5 ans d'absence et le gars revient comme ça et t'envoie son album le plus hard, un changement drastique dans sa carrière déjà bien chamboulée depuis 10 ans. Le type hurle sur un on ne sait quoi d'instruments, sorte de masse sonore sombre, puis enchaîne sur un de ces airs d'une beauté simple dont lui seul a le secret.
Quelques sucreries par-ci par là, un blues plaintif "Jesus gonna be here" ou un très rageur hymne "I don't wanna grow up".
De la pure folie, il te fout même un peu de country dans le lot. Il est partout, il fait tout, plus aucunes limites. Il est génial.
Le truc avec Tom, c'est qu'il t'emmène où il veut.
Tu lui donnes la main volontiers dès lors que ses habituels marimbas et autres percussions entrent en scène, que tu entends le vrombissement caverneux de son timbre. Tu te retrouves encerclé par lui et sa fanfare, lui en grand gourou, le type avec les cornes qui grommelle. Tu bois ses mots et tu te laisses porter par le groove de ses musiciens. Puis, le gars Waits te fait redescendre et te dépose sur un canapé, un nuage, enfin quelque chose de confortable mais malgré tout où tu ne t'endors pas. Un canapé de cuir tiens, très bien. Tu entends un duo voix-piano comme tu en as l'habitude avec le copain Tommy (ouais je l'appelle Tommy, on est devenu proche, il m'en a fait voir!), tu ne peux rien faire. Il a le talent de savoir façonner au moins 3 nouveaux "contenders" au titre de "plus belle chanson de la vie de la mort et la saint glinglin" par album.
L'ami Toto (oui j'ai pris la confiance, je devrais pas, il a du caractère le bougre) peu importe le disque, il te trompe. Tu te dis "ouais bon, il va nous refaire le coup du chanteur triste alcoolique timbré avec ses instruments chelous exotiques et son piano de pub. 'M'aura pas cette fois le Tom Waits, m'aura pas!"

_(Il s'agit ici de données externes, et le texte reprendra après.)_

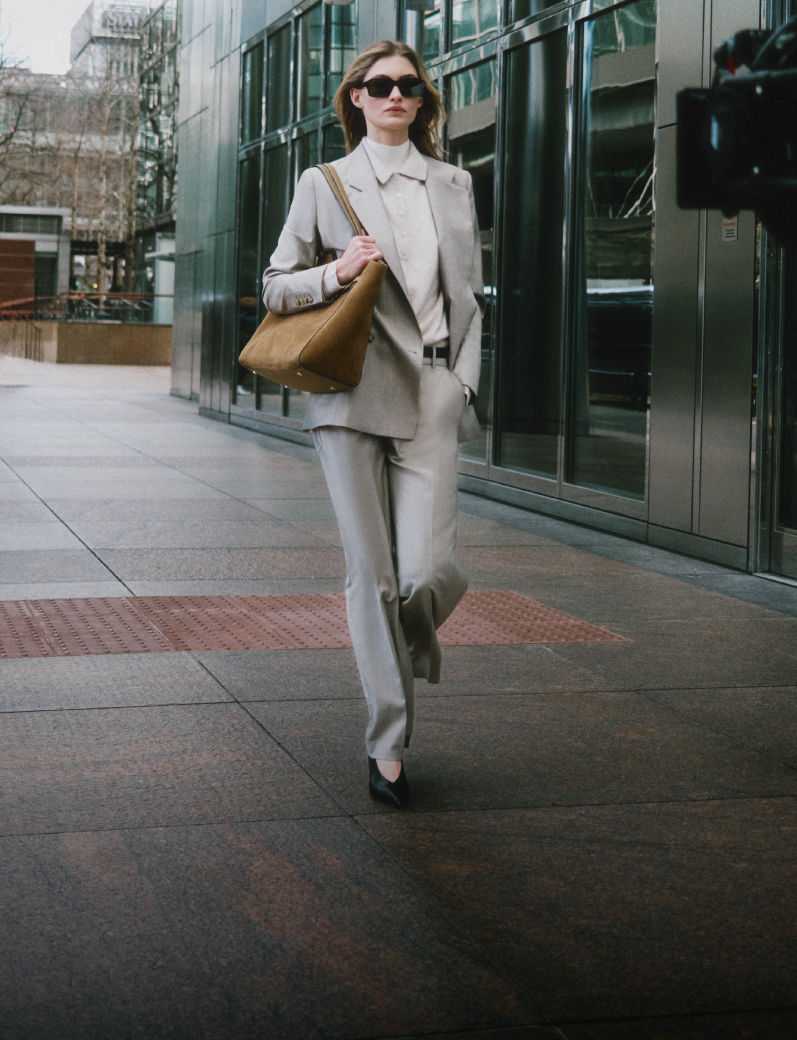Be Your Own BOSS Campaign for Men and Women by BOSS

Et à chaque fois il te refait bien le coup, et il s'en fout. Car c'est ce qu'il est, il a la maîtrise comme un patron. C'est affiné, c'est puissant, c'est rare. Et merde, tu kiffes et tu peux rien dire. Parce c'est à chaque fois bon, voir très bon, il a la recette. C'est Maïté, il t'explique, te montre ses ingrédients (il fracasse pas d'anguilles lui, plutôt des casseroles, c'est son kiff ).
Bref, Bone Machine est un tournant magnifique et dissonant. Qualité d'écriture et qualité musicale. Un mix de tout l'univers de TW et de ses 3 voix de l'Apocalypse. L'éternel poète maudit, le joueur de flûte qui guide ses fidèles à travers les méandres de son art.
Le truc avec Tom Waits, c'est qu'il t'emmène où il veut.